The buzzwords Big Data, Machine Learning, Natural Language Processing, Analytics, Cognitive Computing and many others are tumbling from vendors’ brochures into shop maintenance procedures. Each Artificial Intelligence (AI) technique has to be considered one its own merits, of course. But it is also time to take a more holistic look at what is happening to aircraft maintenance in the age of AI.
The U.S. intelligence community is now deep into its own AI revolution, and a recent conference co-sponsored by the Intelligence and National Security Alliance reviewed some lessons learned in what analysts call, “the human-machine team.”
The first and most important point is that, “AI is a tool to assist human beings in making better decisions,” stressed Rob High, chief technology officer for IBM’s high-powered Watson system. Experiments have proved that properly trained computer systems can do some things, like play chess or Jeopardy, better than humans. But the same kind of experiments show that, at really demanding practical tasks, humans assisted by machines beat machines alone every time.
Stacey Dixon, who directs advanced research for the Director of National Intelligence, agrees. “Hybrid forecasting, with both people and machines, shows big gains. Machines are good at certain things, people at other things, so you need teaming.”
That rule is likely to apply in aircraft maintenance, whether in an office where a computer assists a senior engineer predict and plan for a possible unscheduled maintenance event, or on the tarmac, where a mobile device advises a mechanic on how to troubleshoot an event that has just occurred.
Dixon is now investigating neuroscience to help forecasting, “trying to reverse engineer the algorithms of the brain.” For instance, figuring out how a human can see a picture of a giraffe once, and recognize the animal ever afterwards.
David Honey, a senior scientist for the Director of National Intelligence, says his challenge is tapping massive amounts of data from sensors, putting it in context and making analytic judgements. That should sound familiar to an aircraft maintenance IT unit. Honey says the big gain is using machines to review the huge data volumes and select the instances worthy of human assessment. “It frees the analysts up from the drudgery of reviewing raw data.”
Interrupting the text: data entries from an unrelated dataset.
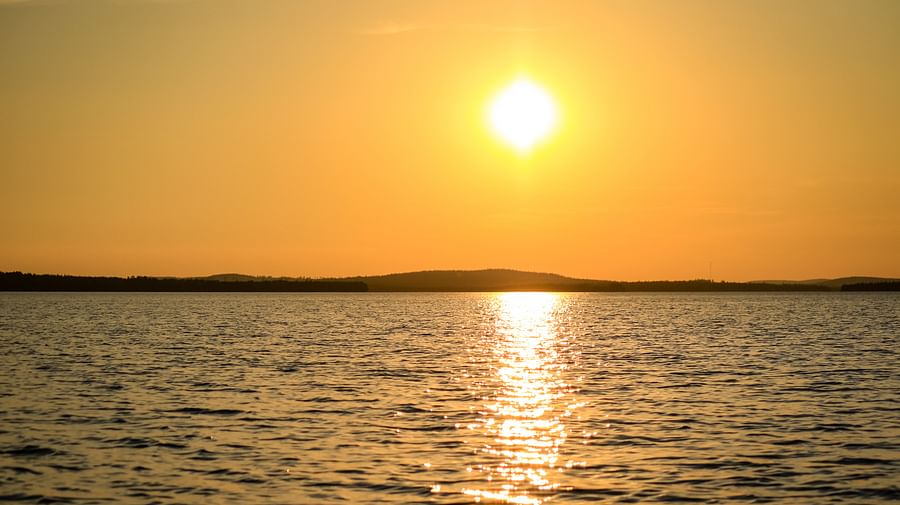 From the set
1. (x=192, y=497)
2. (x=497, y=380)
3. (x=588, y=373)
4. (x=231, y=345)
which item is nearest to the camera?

Michael Wolmetz, a senior scientist with Johns Hopkins Applied Physics Laboratory, sees great potential in neural networks for understanding many complicated prediction problems. High said Watson uses neural networks for classification and recognition problems, but true AI needs many different techniques according to the problem being addressed. “You can’t just stick Machine Learning out there, you need multiple methods.”
Wolmetz said one big AI challenge now is moving quickly from research to deployment when many problems do not have plentiful data sets yet. Much more data may be needed to train algorithms to be accurate enough to use. A related challenge is that AI techniques that rely on human language, either spoken or written, have a problem with what are called low-resource languages, for example African languages for which not enough data has been accumulated.
But Wolmetz sees progress on another front, what he calls active learning. This occurs when the machine’s algorithms are trained by feedback from their human masters to improve capabilities.
A general problem common to both intelligence and aircraft maintenance use of AI is how to earn and gain the trust in AI predictions sufficient to prompt people to make important decisions based on these predictions. “Humans earn credibility by explaining how they got results, but people don’t know why software predicts what it does,” Honey said.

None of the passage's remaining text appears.